At the same time in Vancouver, Robert and other LSA members were organizing large meetings with other groups to protest the War Measures Act and win support for the struggle by the Quebecois for their national rights.

In the early 1980s the Revolutionary Workers League, formed by a fusion of the LSA/LSO with three other revolutionary organizations, established a single political center in Montreal. Simms and his companion Joan Newbigging moved to Montreal in 1981 to help lead this process.

“Robert was part of the staff of our newspapers in 1985 when we fused Socialist Voice and Lutte ouvrière, with the same political content in both French and English,” Prairie said. “That year we also began publishing Pathfinder books and pamphlets in French.”  
 
Fervent partisan of Cuban Revolution
“Robert was a fervent supporter of the Cuban Revolution,” Prairie said. “He saw it as an example of what workers and farmers could do here, in Canada.”

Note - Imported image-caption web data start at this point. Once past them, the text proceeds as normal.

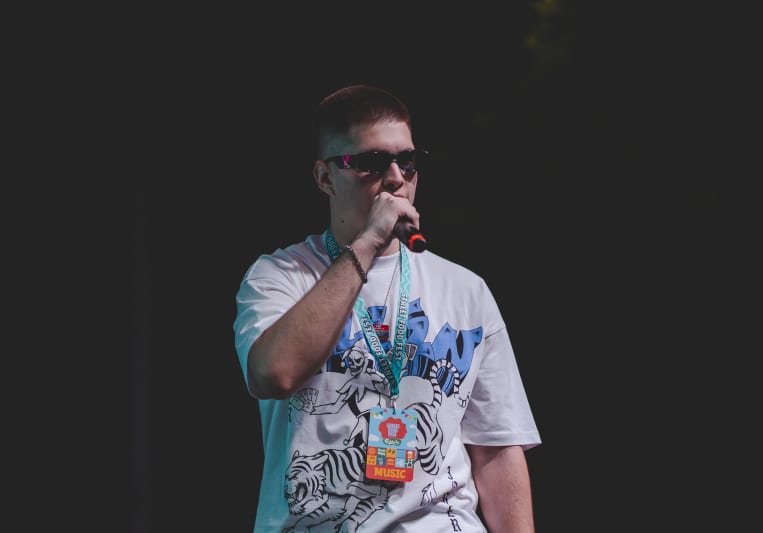Dux on SoundBetter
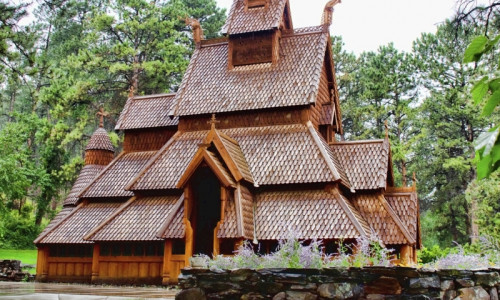 Chapel in the Hills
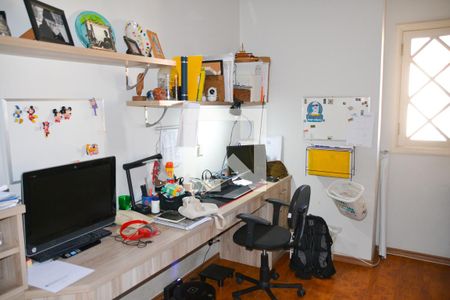 Casa à venda com 161m², 3 quartos e 4 vagasQuarto 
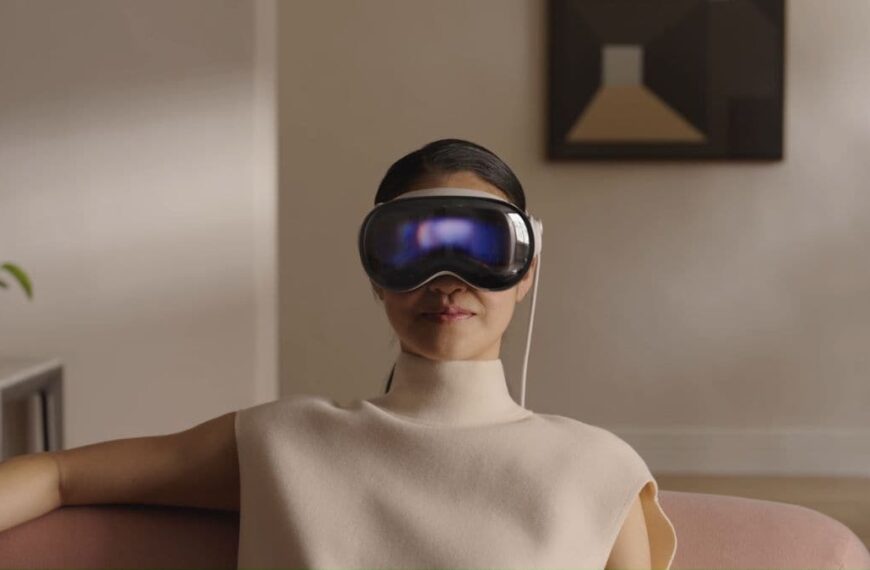 Apple Vision Pro to Get Native Support for PlayStation, Xbox and Spatial Controllers With…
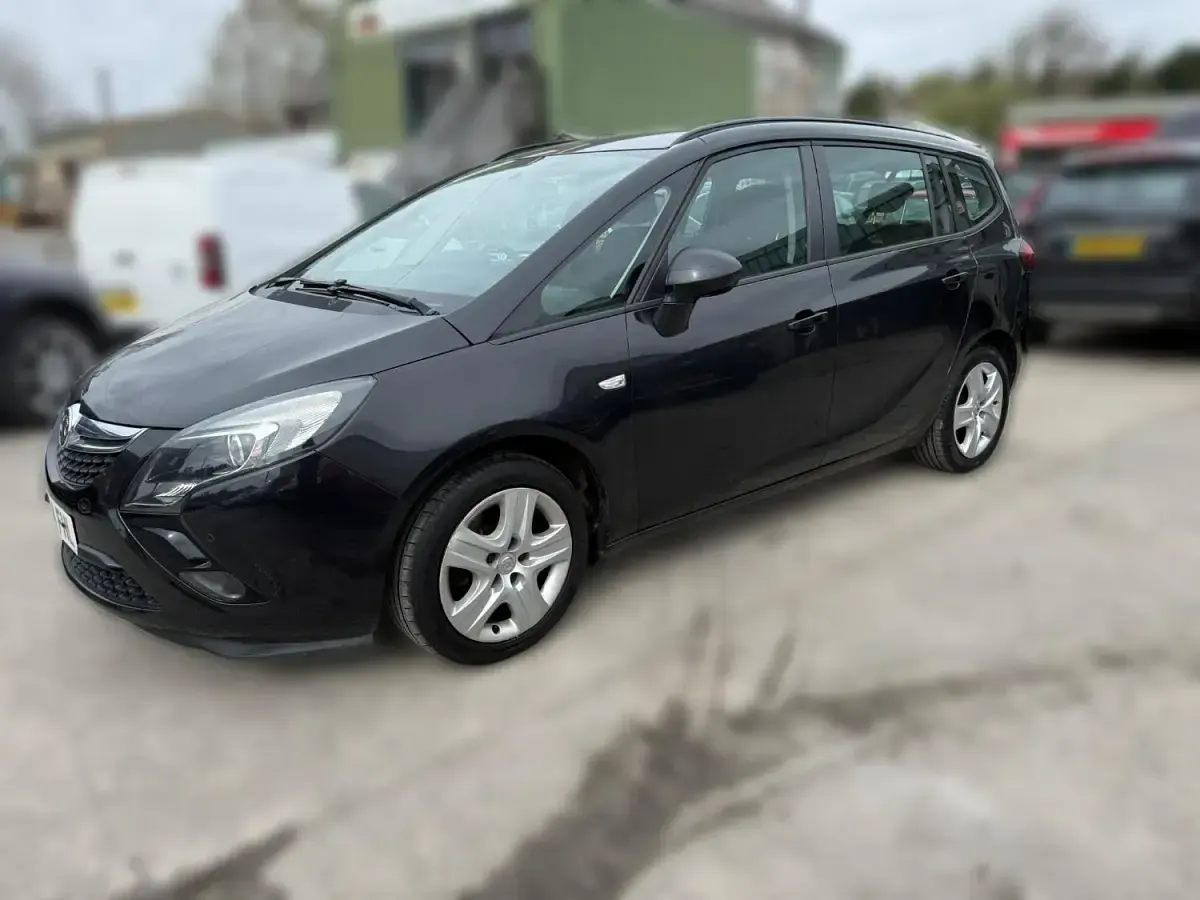 Used Vauxhall Zafira 170 HP (125 kW) 2014 Black MPV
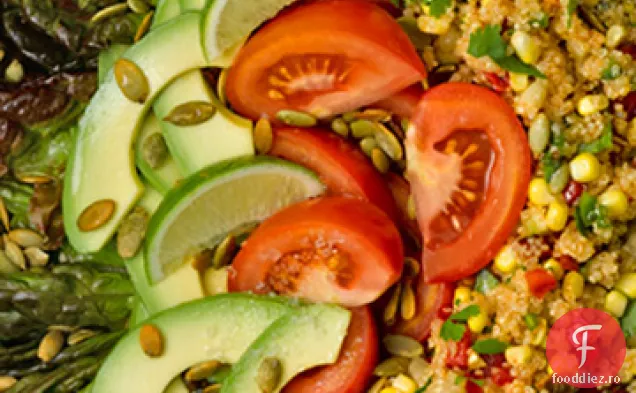 Salată de Quinoa și porumb cu semințe de dovleac
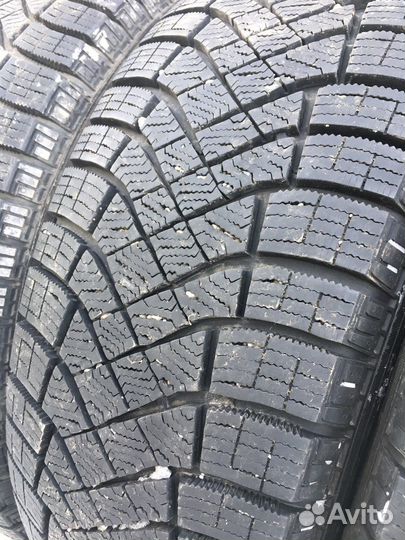 Pirelli Winter Ice Zero 225/65 R17 106T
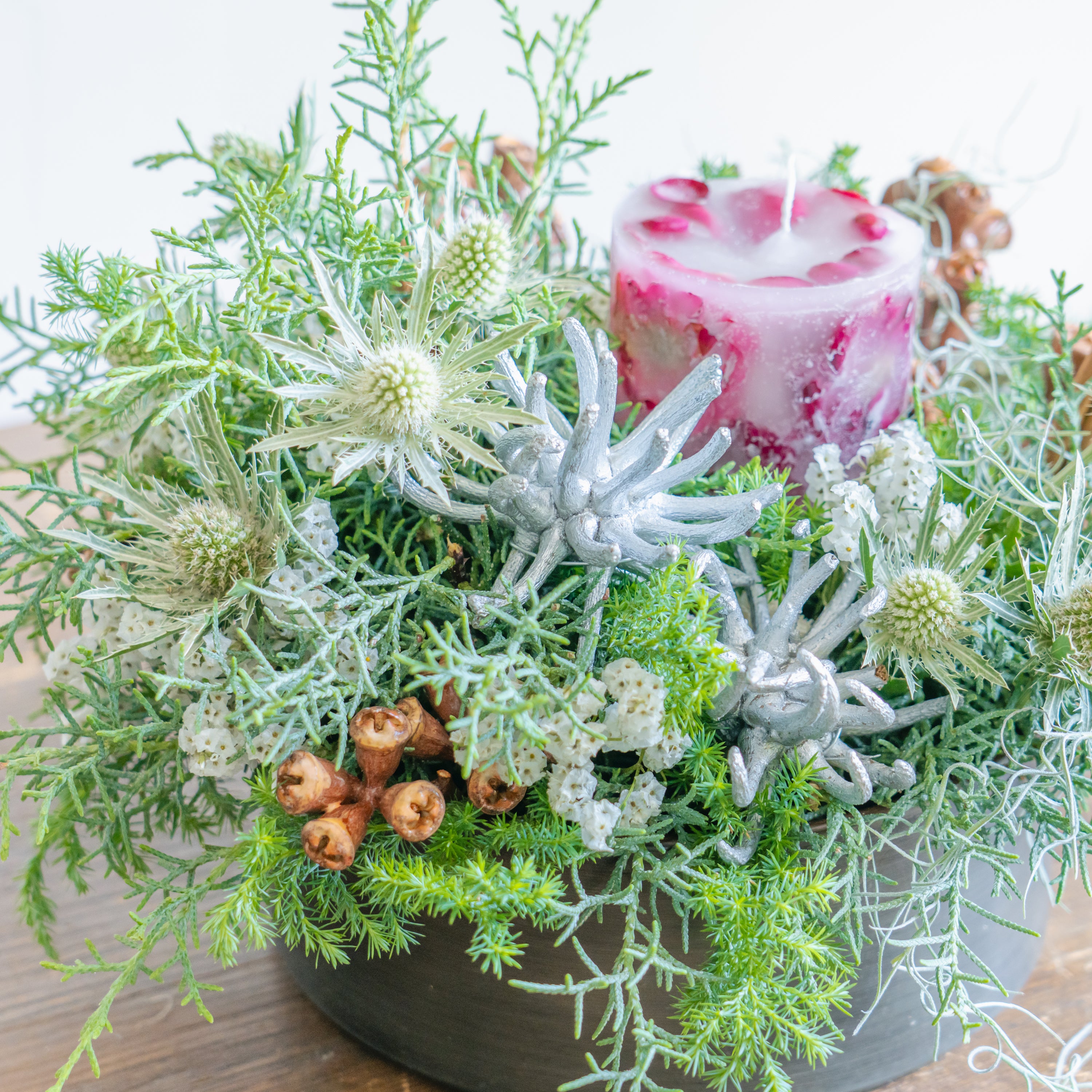 クリスマスキャンドルアレンジメント2025ならFlower&Plants tette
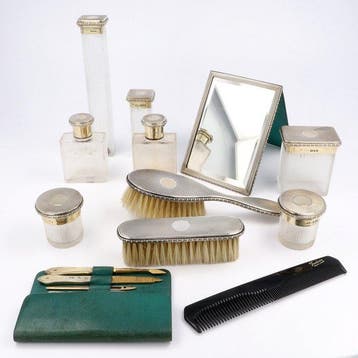 George Henry James (Londen, 1925/1926) Necessaire /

Simms was an active builder of seven meetings last year across Canada to promote Pathfinder’s book Our History Is Still Being Written: The Story of Three Chinese-Cuban Generals in the Cuban Revolution. More than 600 people attended these meetings, many of them coming to their first event about Cuba. “The Communist League and Young Socialists are looking forward to building more of these meetings on Our History Is Still Being Written this year,” Prairie concluded.

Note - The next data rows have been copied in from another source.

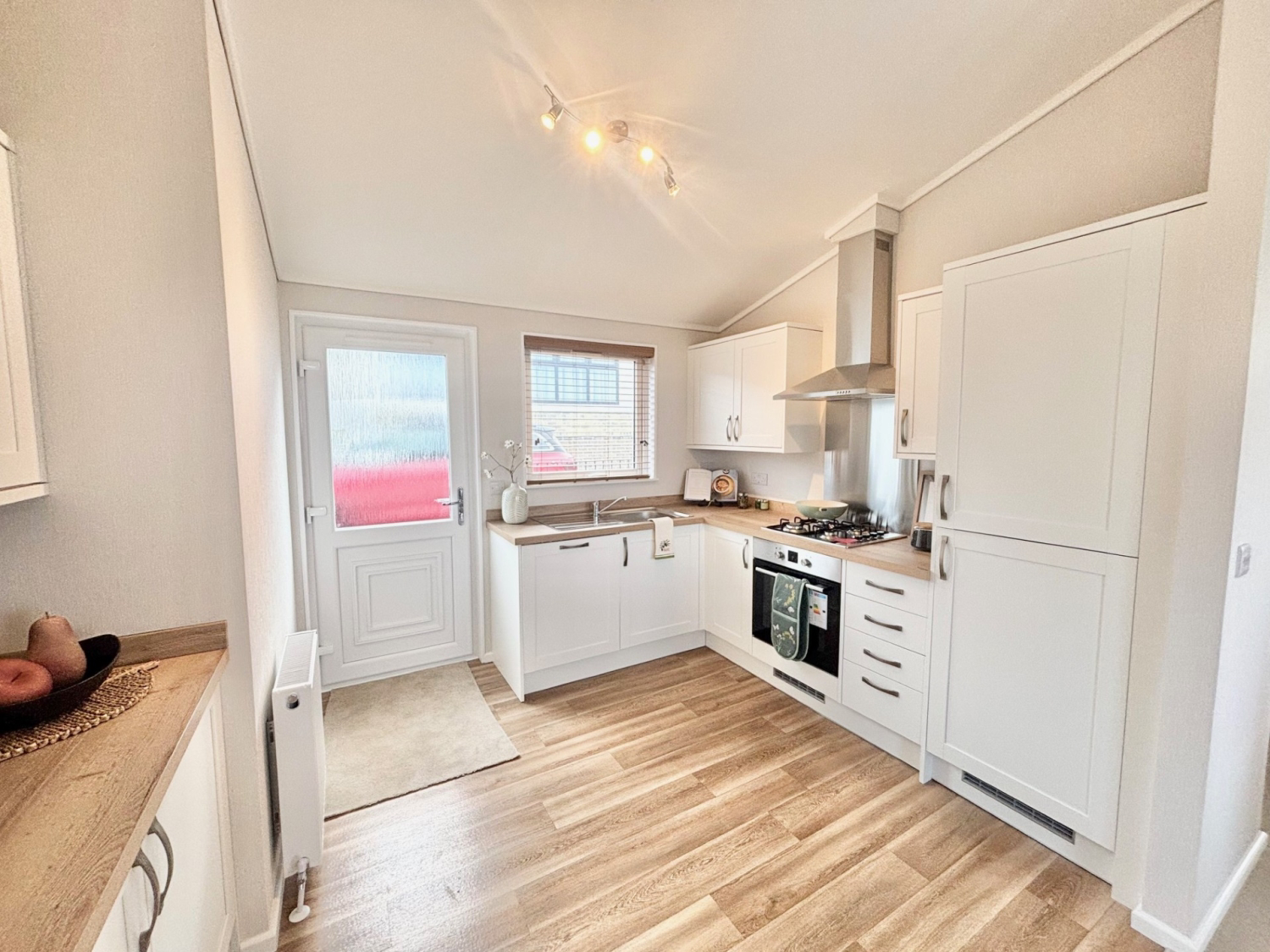 18  Ladstone Park, Norland, Sowerby Bridge, photo 2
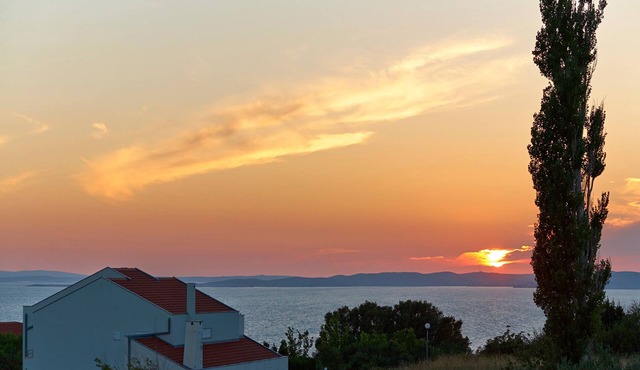 Holiday apartment with air conditioning and sea view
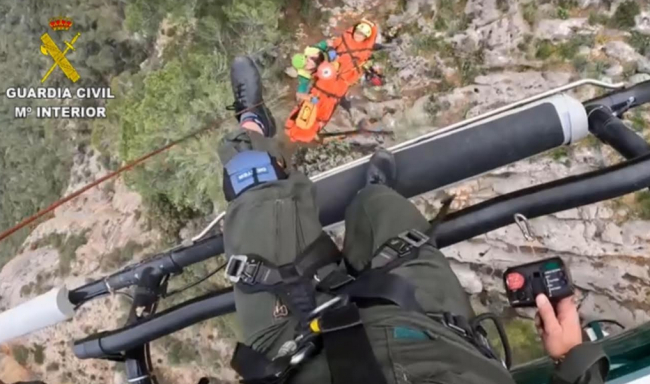 La Guardia Civil rescata a dos personas durante el fin de semana mientras realizaban senderismo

Mary-Alice Waters, the editor of the Marxist magazine New International and a member of the SWP National Committee, also highlighted Simms’s internationalism. She read from a message sent by Sean O’Donahue from the Table de Concertation Québec-Cuba paying tribute to Robert’s defense of the Cuban Revolution.

Waters, who co-chaired the meeting, pointed to a 1971 issue of the Young Socialist magazine in which Simms wrote the text for a cartoon history of British Columbia. In it, said Waters, Simms explained “that what upset the colonizers the most about Native people was their underdeveloped sense of private property. It’s done with humor and real historical insight.”  
 
A citizen of time
“I got to know Robert well during the leadership school that the SWP organized from 1980 to 1986, as the party was making a turn to get a majority of its members into the industrial unions,” Waters said.

At the school, leaders of the international communist movement studied for a six-month period the writings of Karl Marx and Frederick Engels, the founders of the modern communist movement. A message received from Catharina Tirsén, on behalf of the Communist League in Sweden, described how immersed Robert became in these studies.

During a break from the school, Tirsén recounted, Simms “ran into comrades who asked him how everything was going. ‘Oh,’ he said, ‘the Communist League just split,’ referring to the time frame he was in, when the organization of Marx and Engels had been dissolved in 1852.

“‘What?’ one of the comrades, who was living in the present, in the late 1980s, exclaimed with surprise. ‘The Communist League in Britain?’”

Steve Penner, a volunteer in the Pathfinder Print Project today, also spoke. He was executive secretary of the Communist League in Canada when Simms was assigned to lead the distribution of Pathfinder Books in 1988-91.

“Twice a year Robert would get in his car to travel across the country to sell Pathfinder books. These efforts led to Pathfinder accounts in some 200 bookstores in Canada,” Penner said.

Ben Joyce, a member of the Young Socialists national steering committee in New York, encouraged those present to look at the displays, “which depict the life of a real party person.” His “in-it-for-the-long-haul approach” is an example to follow in building the communist movement, Joyce said.

“Without any hesitation, any qualifications of any kind, we can truly recommend Robert as an example to be emulated and admired to all the generations coming forward, now and in the future,” said Jack Barnes in concluding his remarks.

In response to an appeal to contribute to a Robert Simms party-building fund, to continue the work of publishing Pathfinder books in French, participants at the meeting contributed more than $9,100.